Pandas: Deconstructing Small Analytics
Pandas, Polars, and the limit at the edge of RAM.
Concept. Pandas and Polars assume your whole dataset fits in your machine's RAM, and work on it there. Fast, familiar, and bounded by one machine.
Intuition. A laptop holds maybe sixteen gigabytes of RAM. Spotify holds billions of song listens. The bridge between those two numbers is the rest of this course.
Figure 1. The part you already know. Pandas, and Polars (the same idea in Rust, faster on big files), loads your whole dataset into RAM and works on it there: one process, one machine, fast until the data exceeds RAM (right), where it crashes. This is a database in the small, short-lived and bounded by one machine. Removing that limit is the rest of the course.
A familiar example
One schema runs all course: Songs (about a hundred million of them on real Spotify), Listens (billions of rows, one per play), and Users. The task: the top 10 songs by play count.
In pure Python you would write nested for loops over the rows, build a dictionary of counts, and sort it at the end.

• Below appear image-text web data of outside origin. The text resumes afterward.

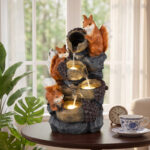 Costway Fontana a cascata con 4 luci led in resina selezionata, Fontana a forma di scoiattolo e nocciola flusso d'acqua rilassante - immagine 2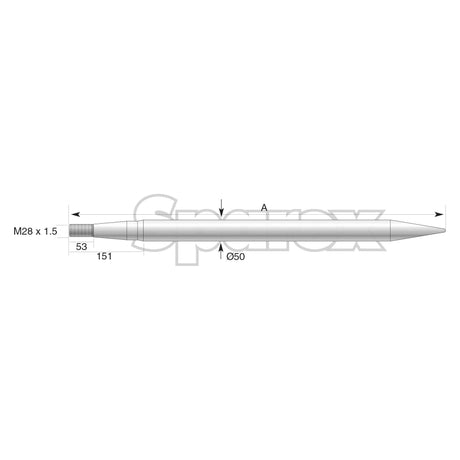 Technical drawing of the Sparex Loader Tine - Straight 815mm with dimensions marked: length 151, diameter 50, and an M28 x 1.5 thread on one end (S.22892). The design features a Special Conus to ensure maximum torque efficiency.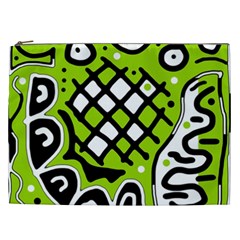 Green High Art Abstraction Cosmetic Bag (xxl) 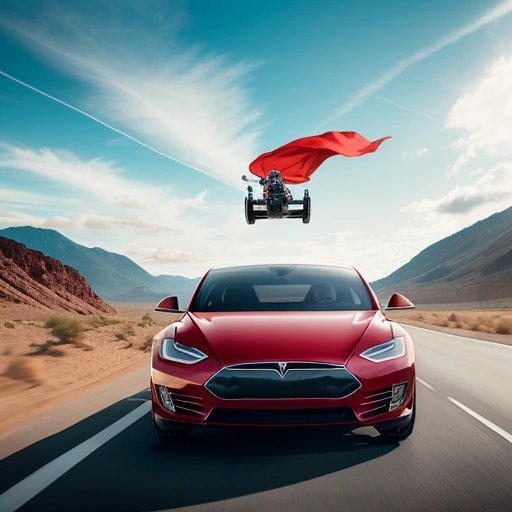 Tesla car soaring through the air with 'Super Pogo' feature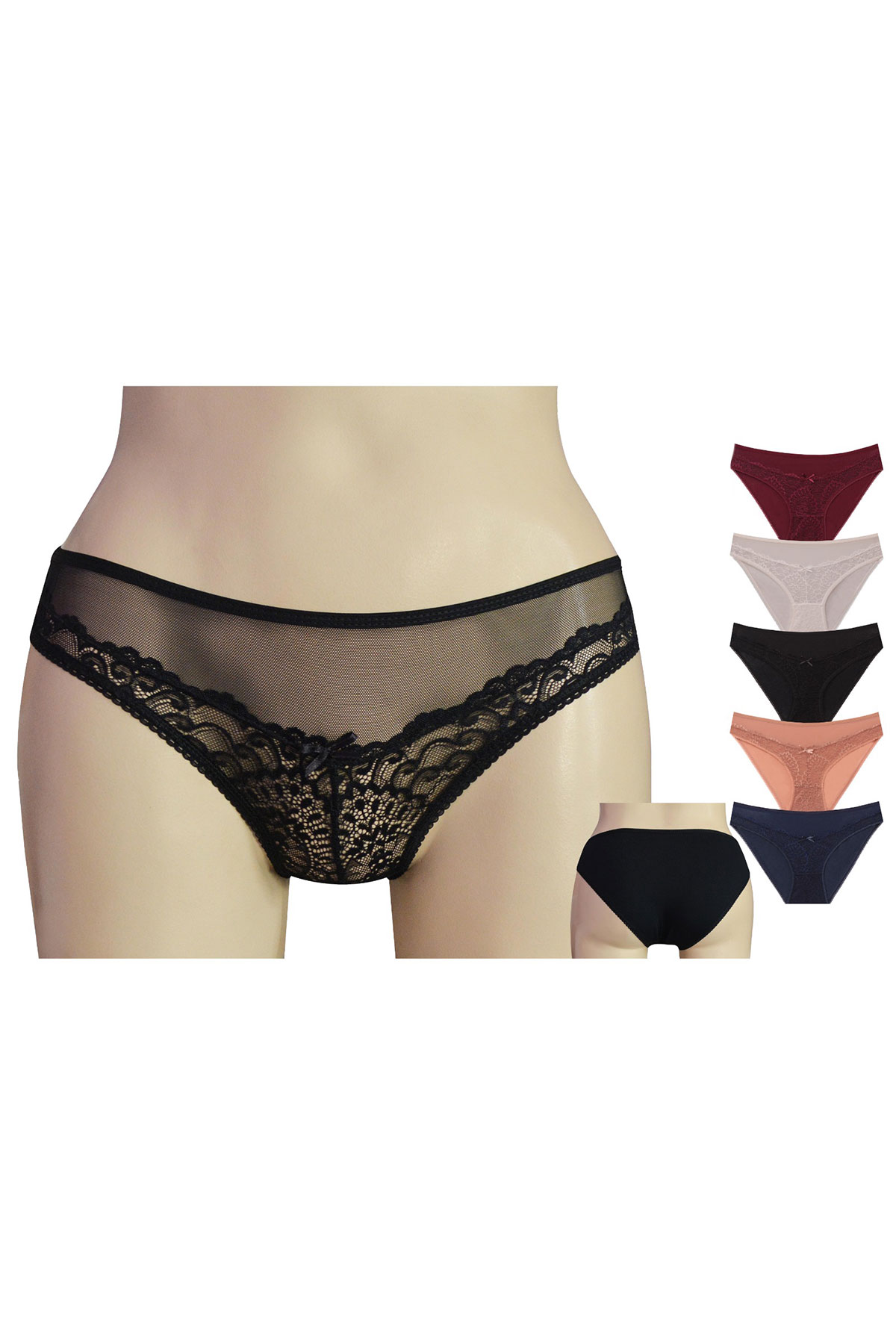 Papatya Helena Paris Kadın Bikini Külot Arka Pamuk Ön Dantel - Thumbnail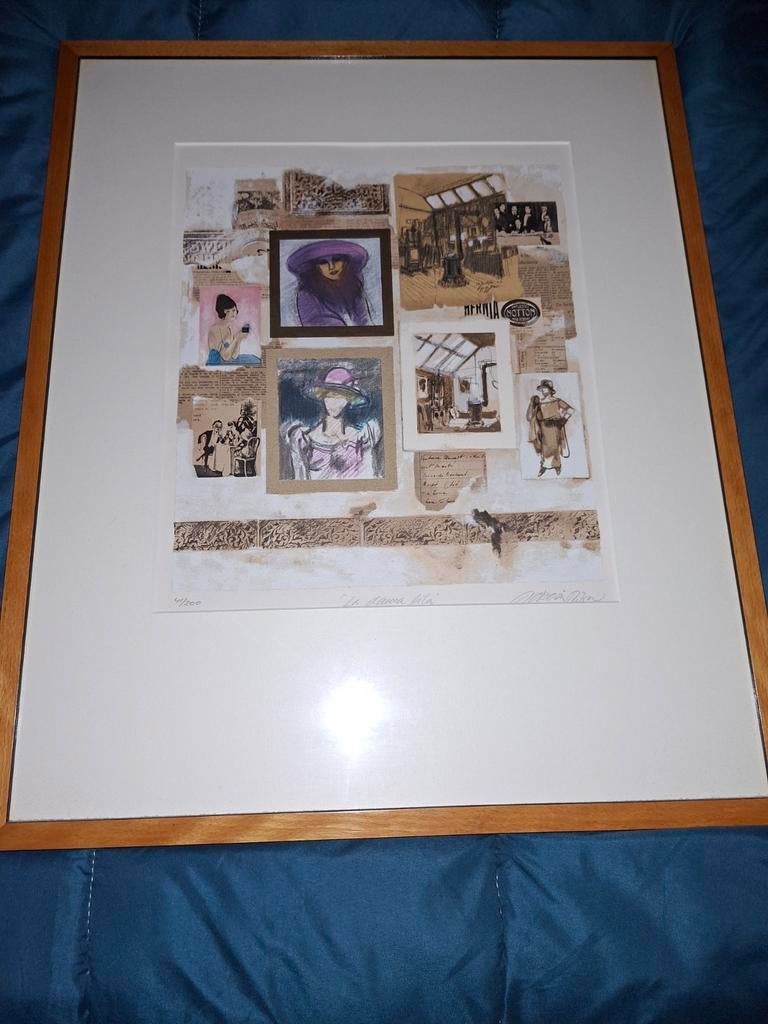 Ingelijste collage litho, gesigneerd en genummerd, Antiek en Kunst, Ophalen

That is imperative code: you spell out how to compute the answer, step by step.
Pandas and Polars give you something better, and so does SQL. Same intent, two surfaces, side by side:
Polars (Python)
import polars as pl
popular = (
listens_df
.join(songs_df, left_on='song_id',
right_on='song_id', how='inner')
.group_by(['title', 'artist'])
.agg(pl.len().alias('plays'))
.sort('plays', descending=True)
.head(10)
)
SQL
SELECT title, artist, COUNT(*) AS plays
FROM listens
JOIN songs ON listens.song_id = songs.song_id
GROUP BY title, artist
ORDER BY plays DESC
LIMIT 10;
Read them together. Neither one says how: no loops, no counters, no sort algorithm. You declare the join, the grouping, and the order; the engine works out how to walk the rows. That is the declarative style, and SQL is its canonical form.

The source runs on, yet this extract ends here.